● THE TASK:
Repeat the records below word for word.
===
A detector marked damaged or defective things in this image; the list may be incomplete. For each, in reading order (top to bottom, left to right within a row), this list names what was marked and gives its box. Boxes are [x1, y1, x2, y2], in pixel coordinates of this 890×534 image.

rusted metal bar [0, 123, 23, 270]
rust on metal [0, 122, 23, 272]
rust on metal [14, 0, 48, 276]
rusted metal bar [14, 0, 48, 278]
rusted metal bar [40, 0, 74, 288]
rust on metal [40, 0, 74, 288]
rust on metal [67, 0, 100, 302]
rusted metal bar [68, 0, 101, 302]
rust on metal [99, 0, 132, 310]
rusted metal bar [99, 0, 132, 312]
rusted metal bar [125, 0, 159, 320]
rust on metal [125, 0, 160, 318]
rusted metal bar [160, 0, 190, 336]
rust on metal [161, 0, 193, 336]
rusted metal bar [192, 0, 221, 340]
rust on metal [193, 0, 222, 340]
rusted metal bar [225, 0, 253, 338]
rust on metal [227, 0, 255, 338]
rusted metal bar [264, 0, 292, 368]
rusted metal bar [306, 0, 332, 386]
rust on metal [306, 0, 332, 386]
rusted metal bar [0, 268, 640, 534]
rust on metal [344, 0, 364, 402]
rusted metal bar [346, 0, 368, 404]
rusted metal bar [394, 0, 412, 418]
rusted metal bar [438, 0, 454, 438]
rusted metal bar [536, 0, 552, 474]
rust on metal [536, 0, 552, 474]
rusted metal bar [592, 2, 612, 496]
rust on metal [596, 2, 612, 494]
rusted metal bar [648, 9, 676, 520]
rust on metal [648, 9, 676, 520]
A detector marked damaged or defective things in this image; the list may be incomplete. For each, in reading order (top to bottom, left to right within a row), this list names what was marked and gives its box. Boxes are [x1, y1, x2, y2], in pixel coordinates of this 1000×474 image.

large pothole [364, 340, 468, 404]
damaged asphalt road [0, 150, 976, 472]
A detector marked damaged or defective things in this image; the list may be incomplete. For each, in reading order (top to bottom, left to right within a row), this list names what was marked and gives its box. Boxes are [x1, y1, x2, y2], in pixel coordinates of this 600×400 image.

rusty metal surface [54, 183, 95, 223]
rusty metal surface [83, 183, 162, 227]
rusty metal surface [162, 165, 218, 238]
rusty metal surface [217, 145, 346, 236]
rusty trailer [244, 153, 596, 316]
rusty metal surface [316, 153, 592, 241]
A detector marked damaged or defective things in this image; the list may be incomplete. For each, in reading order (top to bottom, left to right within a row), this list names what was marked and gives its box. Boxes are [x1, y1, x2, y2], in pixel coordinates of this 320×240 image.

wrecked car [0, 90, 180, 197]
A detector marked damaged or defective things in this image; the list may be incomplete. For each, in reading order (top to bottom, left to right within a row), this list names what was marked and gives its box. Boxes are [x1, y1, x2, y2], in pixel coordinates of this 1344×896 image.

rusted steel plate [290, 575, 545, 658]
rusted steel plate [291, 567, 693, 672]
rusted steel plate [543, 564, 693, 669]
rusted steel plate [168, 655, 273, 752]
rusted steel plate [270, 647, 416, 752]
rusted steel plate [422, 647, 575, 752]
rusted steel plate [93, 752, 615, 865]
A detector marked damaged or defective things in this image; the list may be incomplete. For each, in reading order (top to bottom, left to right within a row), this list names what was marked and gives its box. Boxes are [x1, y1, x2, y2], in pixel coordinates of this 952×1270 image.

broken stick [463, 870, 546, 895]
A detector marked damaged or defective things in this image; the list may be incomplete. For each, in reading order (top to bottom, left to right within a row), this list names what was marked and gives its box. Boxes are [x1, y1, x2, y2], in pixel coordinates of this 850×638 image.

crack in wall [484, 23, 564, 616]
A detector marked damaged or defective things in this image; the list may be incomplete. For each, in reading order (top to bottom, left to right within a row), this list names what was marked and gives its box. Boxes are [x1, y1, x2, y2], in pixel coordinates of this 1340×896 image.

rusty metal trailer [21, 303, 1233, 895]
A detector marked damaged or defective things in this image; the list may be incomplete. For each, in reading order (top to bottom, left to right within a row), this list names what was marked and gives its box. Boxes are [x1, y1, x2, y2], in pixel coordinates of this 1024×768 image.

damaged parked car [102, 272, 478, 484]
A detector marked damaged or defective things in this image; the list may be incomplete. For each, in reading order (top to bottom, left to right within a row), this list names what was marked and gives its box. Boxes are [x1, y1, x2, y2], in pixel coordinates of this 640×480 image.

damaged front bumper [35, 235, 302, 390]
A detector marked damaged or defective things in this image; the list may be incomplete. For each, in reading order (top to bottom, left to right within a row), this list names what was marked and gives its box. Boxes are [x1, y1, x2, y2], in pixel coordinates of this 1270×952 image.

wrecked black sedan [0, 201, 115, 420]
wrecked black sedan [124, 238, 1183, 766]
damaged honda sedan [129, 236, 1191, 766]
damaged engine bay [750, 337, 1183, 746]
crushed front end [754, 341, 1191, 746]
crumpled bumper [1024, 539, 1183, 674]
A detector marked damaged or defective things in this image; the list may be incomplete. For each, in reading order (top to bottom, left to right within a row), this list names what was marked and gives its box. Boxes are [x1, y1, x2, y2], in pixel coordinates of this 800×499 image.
===
● YOUR SOLUTION:
A detector marked damaged or defective things in this image; the list may be incomplete. For each, in reading order (top to bottom, left to right within a row), this list names what was marked and gives its box. Boxes are [x1, y1, x2, y2], in pixel coordinates of this 890×534 image.

rusted metal bar [0, 123, 23, 270]
rust on metal [0, 122, 23, 272]
rust on metal [14, 0, 48, 276]
rusted metal bar [14, 0, 48, 278]
rusted metal bar [40, 0, 74, 288]
rust on metal [40, 0, 74, 288]
rust on metal [67, 0, 100, 302]
rusted metal bar [68, 0, 101, 302]
rust on metal [99, 0, 132, 310]
rusted metal bar [99, 0, 132, 312]
rusted metal bar [125, 0, 159, 320]
rust on metal [125, 0, 160, 318]
rusted metal bar [160, 0, 190, 336]
rust on metal [161, 0, 193, 336]
rusted metal bar [192, 0, 221, 340]
rust on metal [193, 0, 222, 340]
rusted metal bar [225, 0, 253, 338]
rust on metal [227, 0, 255, 338]
rusted metal bar [264, 0, 292, 368]
rusted metal bar [306, 0, 332, 386]
rust on metal [306, 0, 332, 386]
rusted metal bar [0, 268, 640, 534]
rust on metal [344, 0, 364, 402]
rusted metal bar [346, 0, 368, 404]
rusted metal bar [394, 0, 412, 418]
rusted metal bar [438, 0, 454, 438]
rusted metal bar [536, 0, 552, 474]
rust on metal [536, 0, 552, 474]
rusted metal bar [592, 2, 612, 496]
rust on metal [596, 2, 612, 494]
rusted metal bar [648, 9, 676, 520]
rust on metal [648, 9, 676, 520]
A detector marked damaged or defective things in this image; the list may be incomplete. For each, in reading order (top to bottom, left to right within a row), this list names what was marked and gives its box. Boxes are [x1, y1, x2, y2], in pixel coordinates of this 1000×474 image.

large pothole [364, 340, 468, 404]
damaged asphalt road [0, 150, 976, 472]
A detector marked damaged or defective things in this image; the list may be incomplete. For each, in reading order (top to bottom, left to right within a row), this list names what was marked and gives its box. Boxes are [x1, y1, x2, y2], in pixel coordinates of this 600×400 image.

rusty metal surface [54, 183, 95, 223]
rusty metal surface [83, 183, 162, 227]
rusty metal surface [162, 165, 218, 238]
rusty metal surface [217, 145, 346, 236]
rusty trailer [244, 153, 596, 316]
rusty metal surface [316, 153, 592, 241]
A detector marked damaged or defective things in this image; the list may be incomplete. For each, in reading order (top to bottom, left to right within a row), this list names what was marked and gives its box. Boxes are [x1, y1, x2, y2], in pixel coordinates of this 320×240 image.

wrecked car [0, 90, 180, 197]
A detector marked damaged or defective things in this image; the list may be incomplete. For each, in reading order (top to bottom, left to right within a row), this list names what was marked and gives its box. Boxes are [x1, y1, x2, y2], in pixel coordinates of this 1344×896 image.

rusted steel plate [290, 575, 545, 658]
rusted steel plate [291, 567, 693, 672]
rusted steel plate [543, 564, 693, 669]
rusted steel plate [168, 655, 273, 752]
rusted steel plate [270, 647, 416, 752]
rusted steel plate [422, 647, 575, 752]
rusted steel plate [93, 752, 615, 865]
A detector marked damaged or defective things in this image; the list may be incomplete. For each, in reading order (top to bottom, left to right within a row), this list names what was marked and gives its box. Boxes are [x1, y1, x2, y2], in pixel coordinates of this 952×1270 image.

broken stick [463, 870, 546, 895]
A detector marked damaged or defective things in this image; the list may be incomplete. For each, in reading order (top to bottom, left to right within a row), this list names what was marked and gives its box. Boxes are [x1, y1, x2, y2], in pixel coordinates of this 850×638 image.

crack in wall [484, 23, 564, 616]
A detector marked damaged or defective things in this image; the list may be incomplete. For each, in reading order (top to bottom, left to right within a row), this list names what was marked and gives its box. Boxes are [x1, y1, x2, y2], in pixel coordinates of this 1340×896 image.

rusty metal trailer [21, 303, 1233, 895]
A detector marked damaged or defective things in this image; the list may be incomplete. For each, in reading order (top to bottom, left to right within a row), this list names what was marked and gives its box. Boxes are [x1, y1, x2, y2], in pixel coordinates of this 1024×768 image.

damaged parked car [102, 272, 478, 484]
A detector marked damaged or defective things in this image; the list may be incomplete. For each, in reading order (top to bottom, left to right within a row), this list names what was marked and gives its box. Boxes are [x1, y1, x2, y2], in pixel coordinates of this 640×480 image.

damaged front bumper [35, 235, 302, 390]
A detector marked damaged or defective things in this image; the list may be incomplete. For each, in reading order (top to bottom, left to right within a row), this list names what was marked and gives its box. Boxes are [x1, y1, x2, y2], in pixel coordinates of this 1270×952 image.

wrecked black sedan [0, 201, 115, 420]
wrecked black sedan [124, 238, 1183, 766]
damaged honda sedan [129, 236, 1191, 766]
damaged engine bay [750, 337, 1183, 746]
crushed front end [754, 341, 1191, 746]
crumpled bumper [1024, 539, 1183, 674]
A detector marked damaged or defective things in this image; the list may be incomplete. For each, in reading order (top to bottom, left to right within a row), this list names what was marked and gives its box. Boxes are [x1, y1, x2, y2], in pixel coordinates of this 800×499 image.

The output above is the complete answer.